2.1. Bias evaluation
There is extensive work when it comes to evaluating language models for bias, starting with
the work of Bolukbasi et al. [26] on simple word embeddings. Later studies approached the
bias issue from the perspective of coreference resolution, such as [27] with GloVe embeddings.
Bias is also examined by measuring the association between concepts and protected attributes.
Caliskan et al. [28] created the Word Embedding Association Test (WEAT) for this purpose. This
test was extended by Dev et al. [29] and Manzini et al. [30]. Also it was extended by Lauscher
et al. [31] by adding more protected attributes and applying it to languages other than English .
It was later on adapted to more complex models like BERT, under the name SEAT, by May et al.
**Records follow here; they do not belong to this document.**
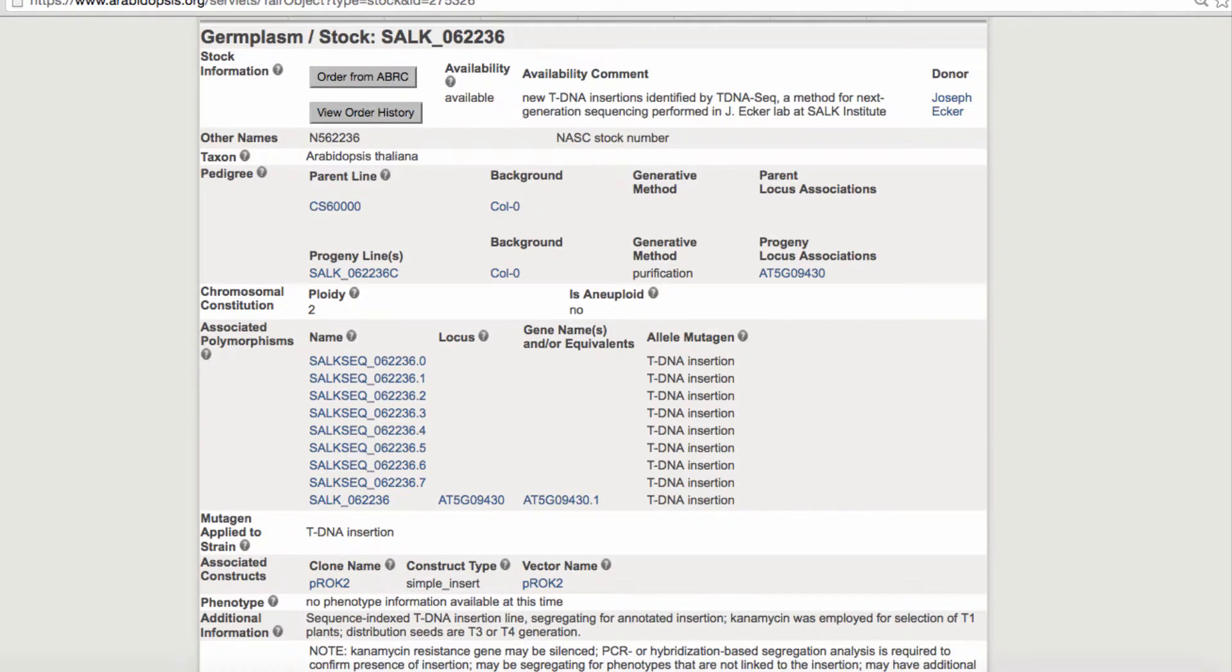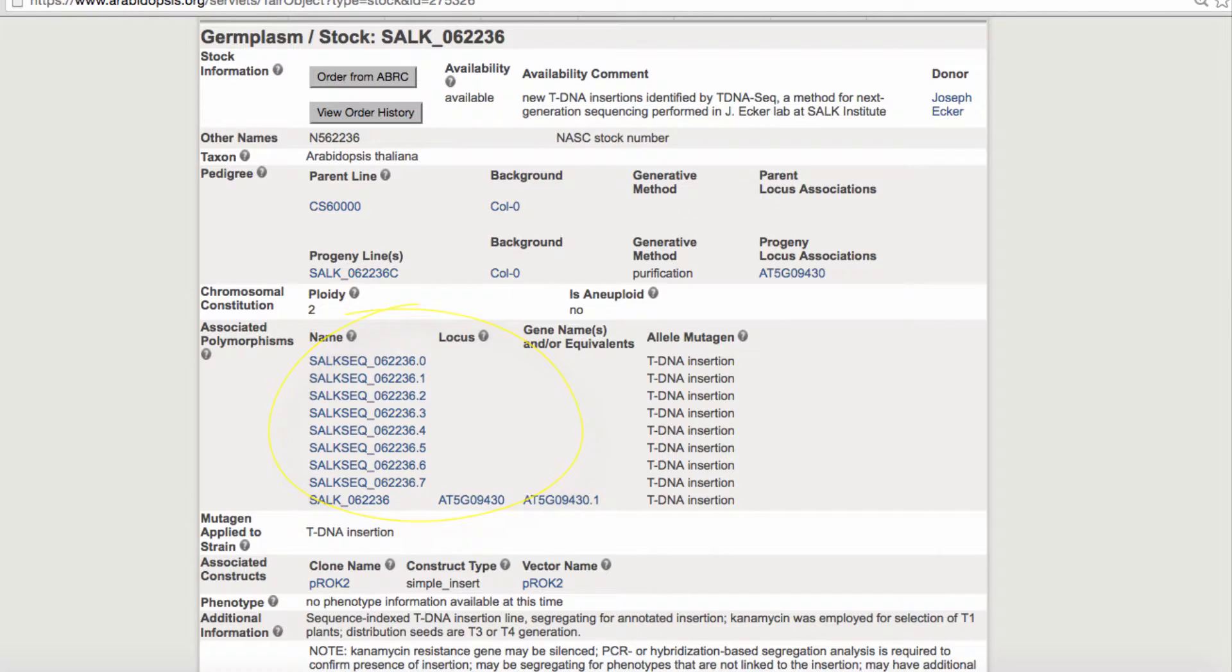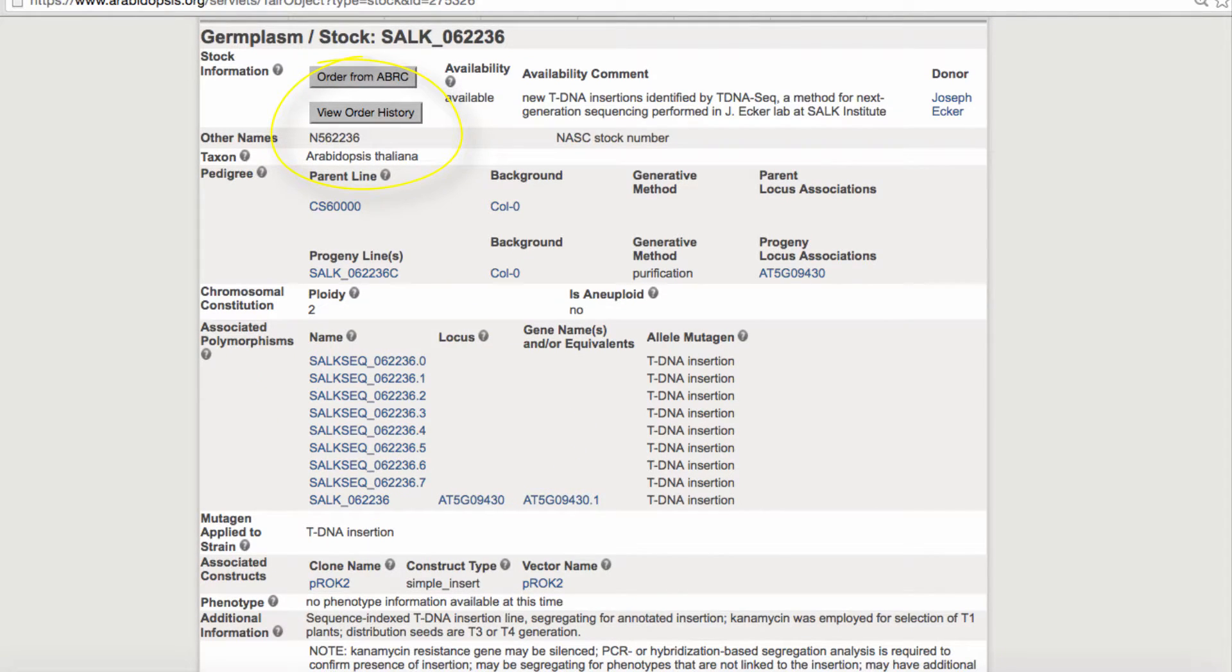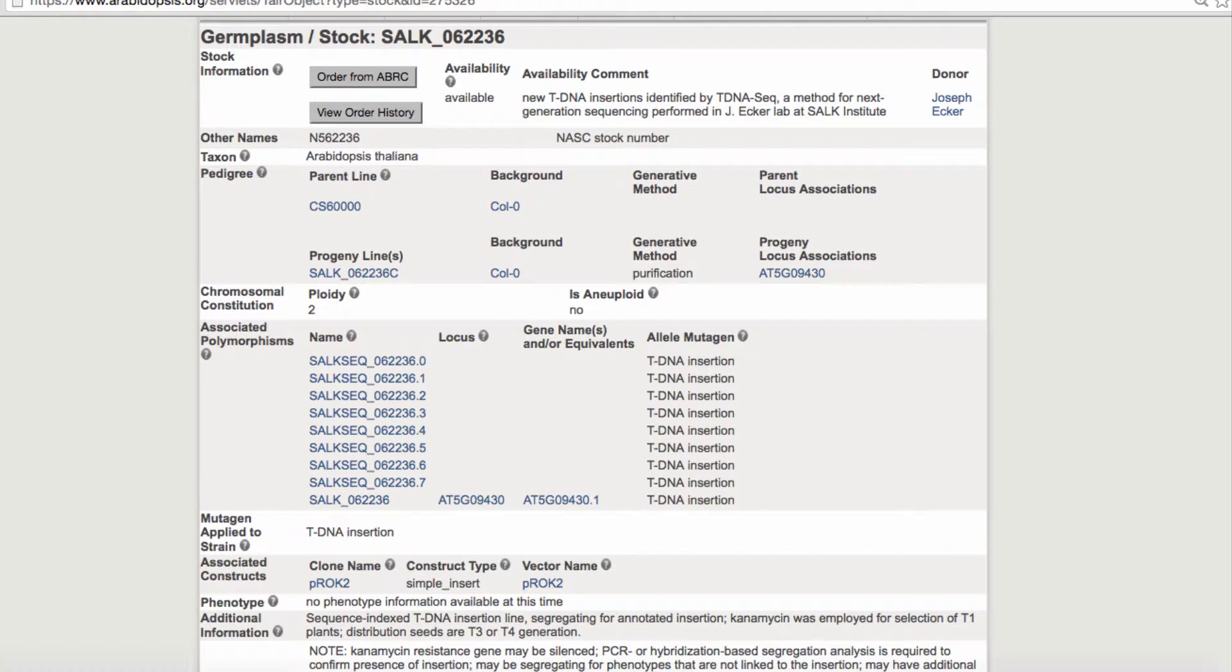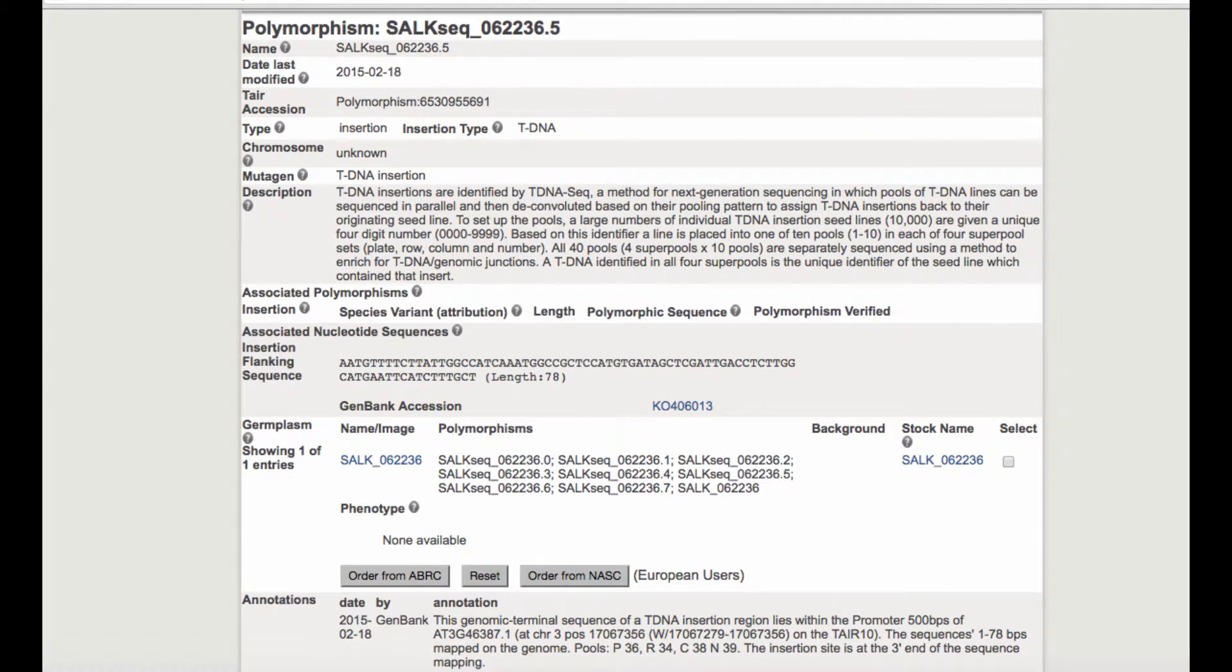If you click on the link to the germplasm, you'll see a list of all the polymorphisms or flank sequence tags found in this line, as well as links to order the stocks. In this line, there are a total of 9 flank sequences associated. Follow the links to the individual allele pages to find the information about their locations. They will likely be in different genes.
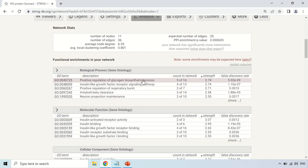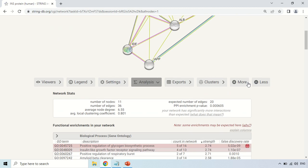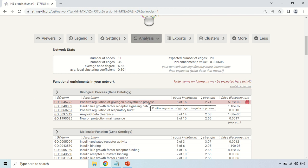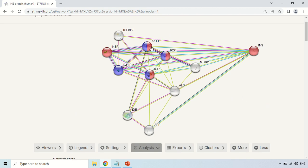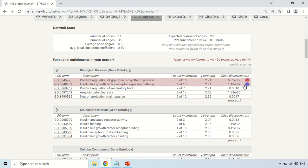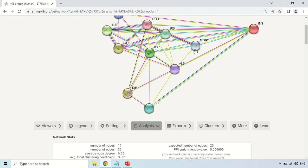In order to know which protein is involved in a particular function, for example the first one is positive regulation of glycogen biosynthetic process, just click on the name of this pathway. Now you can see red dots appear — all nodes that turn red are involved in this pathway. If you click on another pathway, like insulin growth factor receptor signaling pathway, those nodes become blue. Nodes that are both red and blue are involved in both of these pathways. You can click again to deselect it. By clicking on any pathway, it will be highlighted in this diagram by different colors.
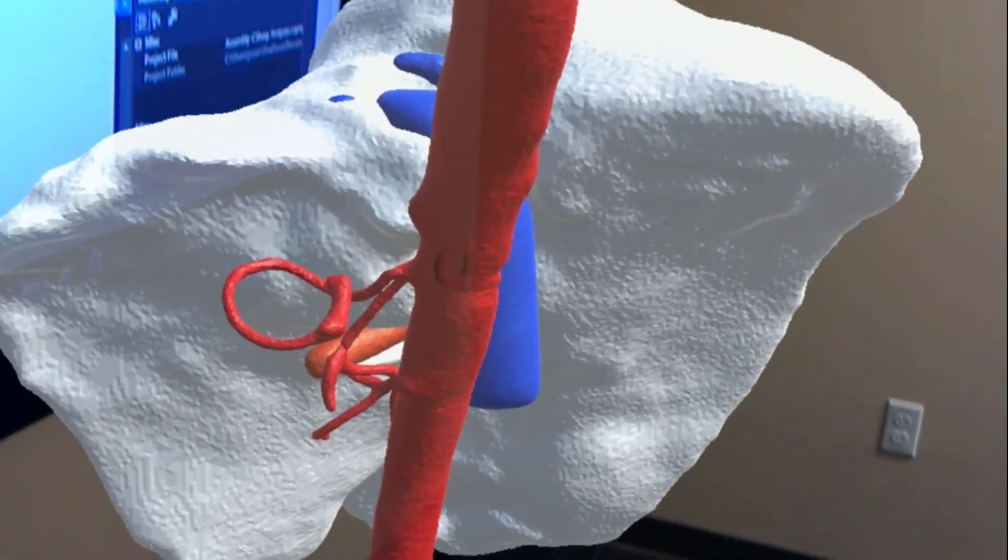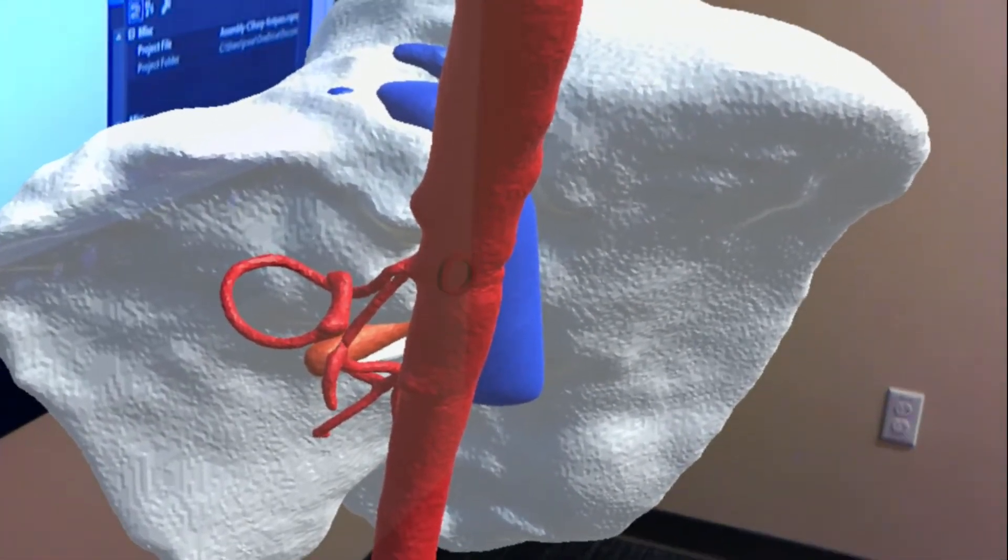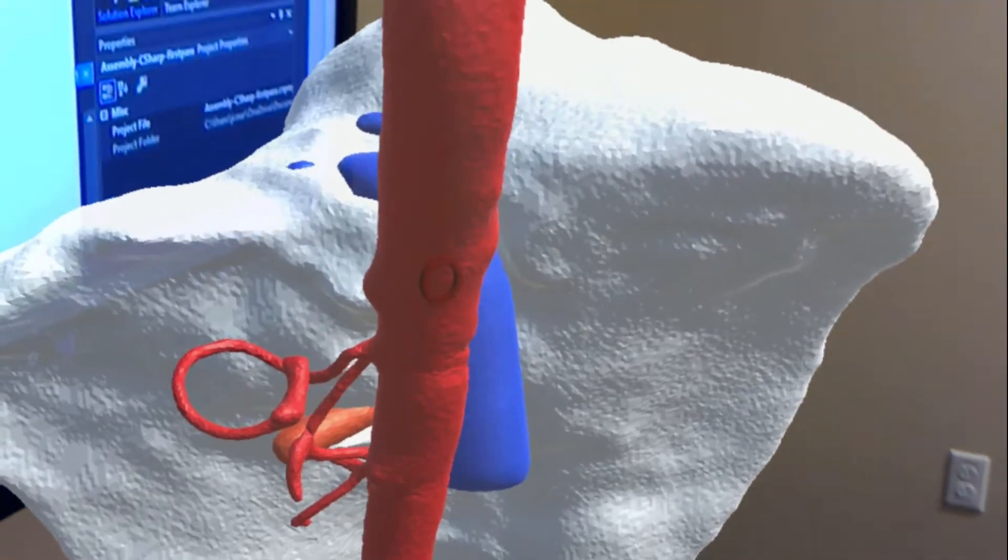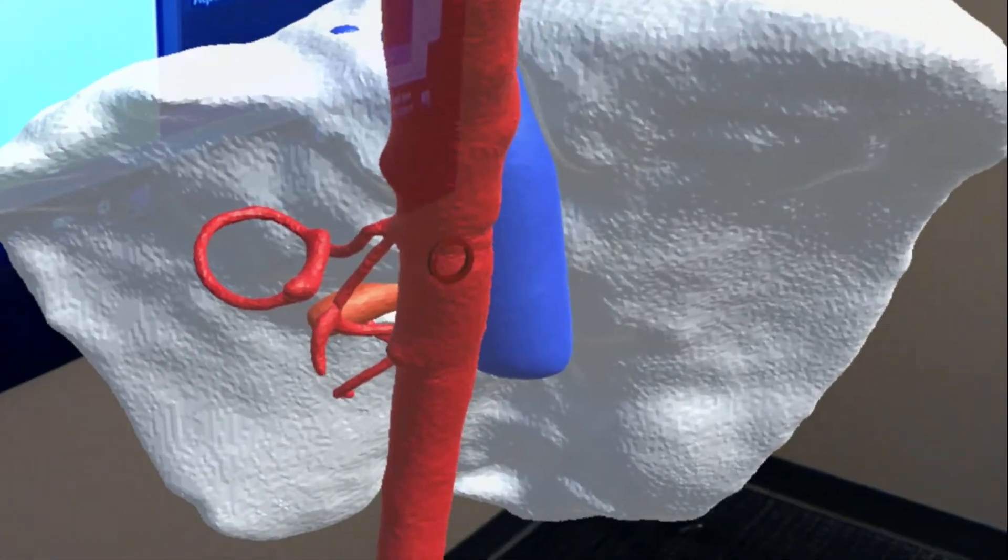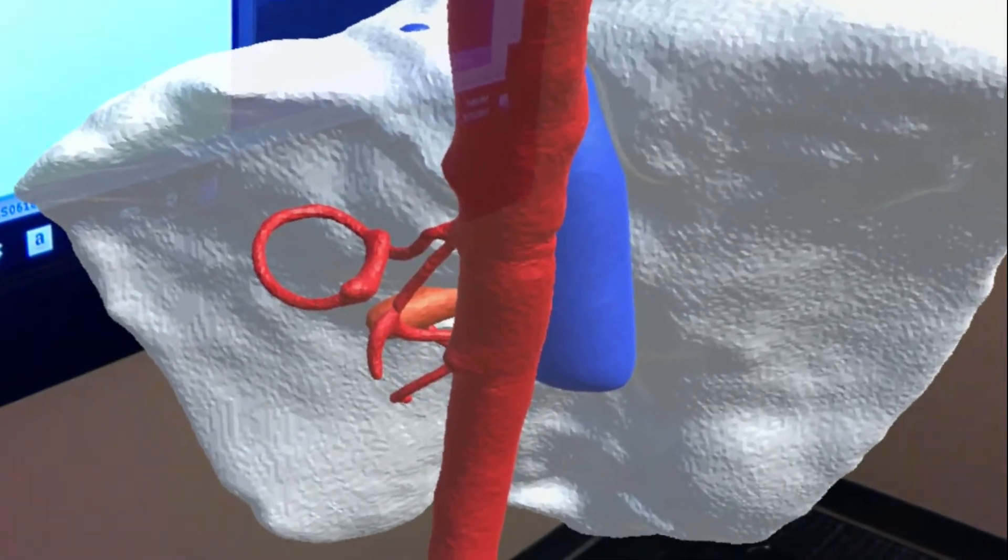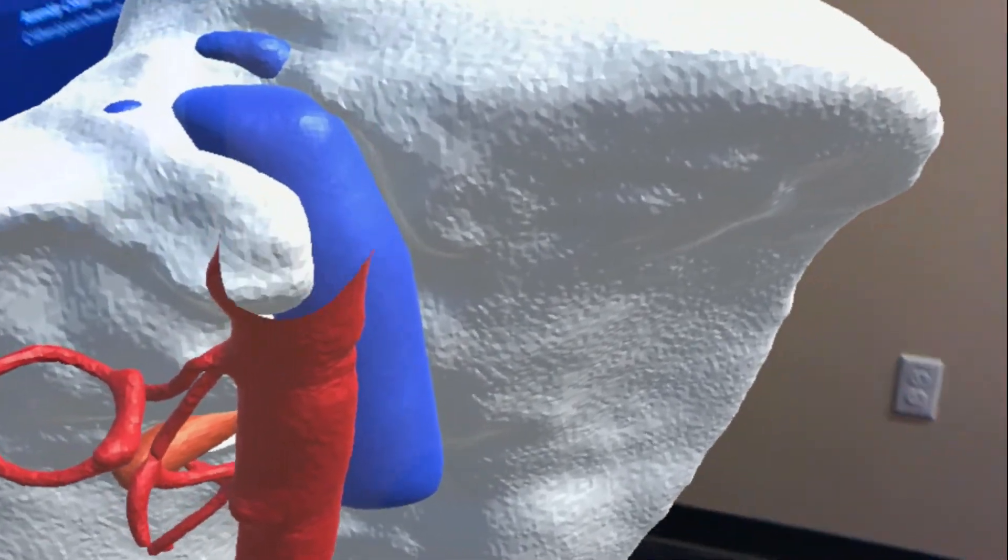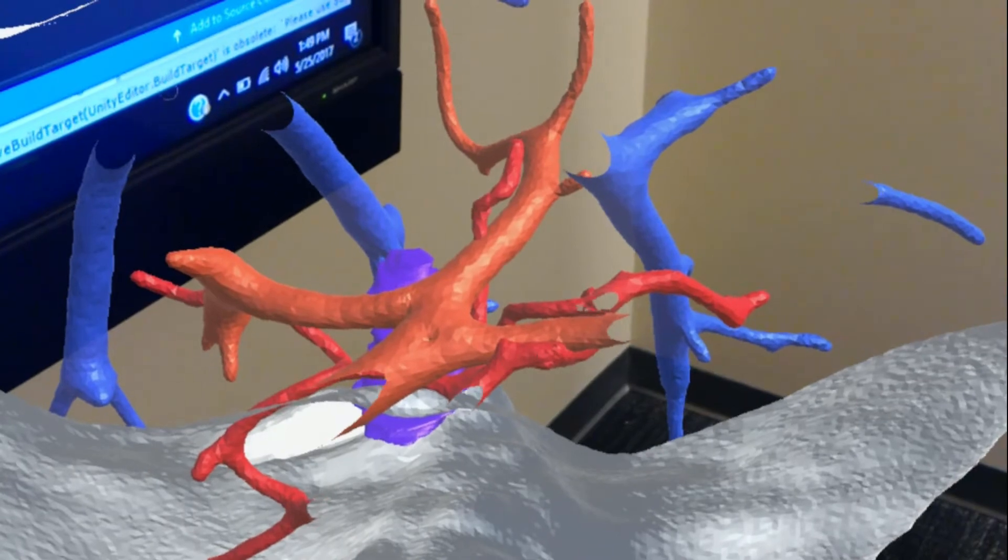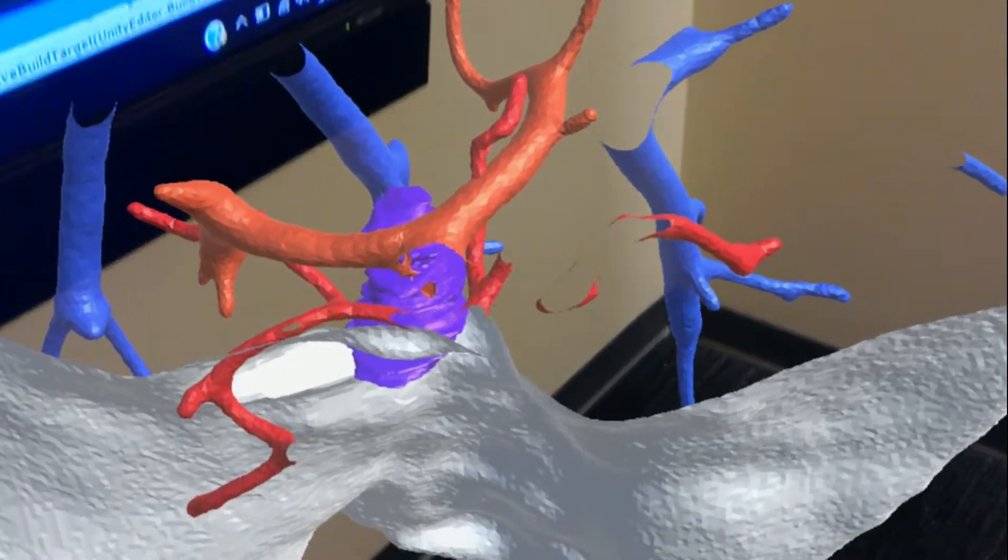We can see the artery that is red, the IVC that is blue. And as we walk through, we can peel away these layers and see inside that there is a tumor that is purple.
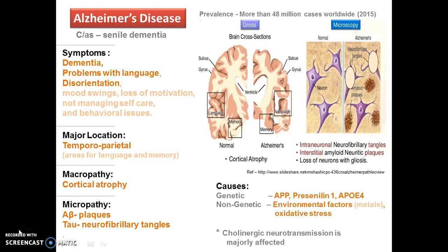Causes of Alzheimer's disease can be genetic as well as non-genetic. Genetic causes involve mutation of most commonly APP, presenilin 1, and APOE4 genes, whereas environmental factors include incomplete removal of metal ions and oxidative stress.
[32] and Tan and Celis [33].
   There are other approaches for more complex models like BERT or GPT-2.Vig [34] introduced
visualization tools to understand where these models capture unwanted biases by examining
their attention. Additionally, adaptations of WEAT, such as SEAT, have been developed. SEAT
tests the protected attribute against a sentence instead of a word, specifically designed for
contextual models like BERT. This work was further extended to consider the full context
instead of just the sentence level. The latest evaluation method is applied to models like GPT-2,
BERT, ELMo, among others.
   More complex models also make serious errors. A compendium of errors discovered in
ChatGPT is presented in the work of Borji [35]. The paper explains that this model is unable to
successfully complete tasks that require spatial, temporal, or physical reasoning unless it has
been specifically trained for those tasks.

2.2. Bias correction
The main approaches to address bias in language models consist of the following: fine-tuning
the model [36], data augmentation to balance categories and avoid distortions towards one
category[27], protecting the attribute during model training to prevent bias capture[37], or
correcting the vector space of the model as presented in the works of Manzini et al. [30], Zhou
et al. [38], Dev and Phillips [37]. Among these techniques, fine tuning and model editing are
considered the most realistic, especially in the case of large-scale models, since retraining a
model from scratch would be very costly in terms of time, hardware resources, money and the
effort required to perform the pre-processing and tuning of training data.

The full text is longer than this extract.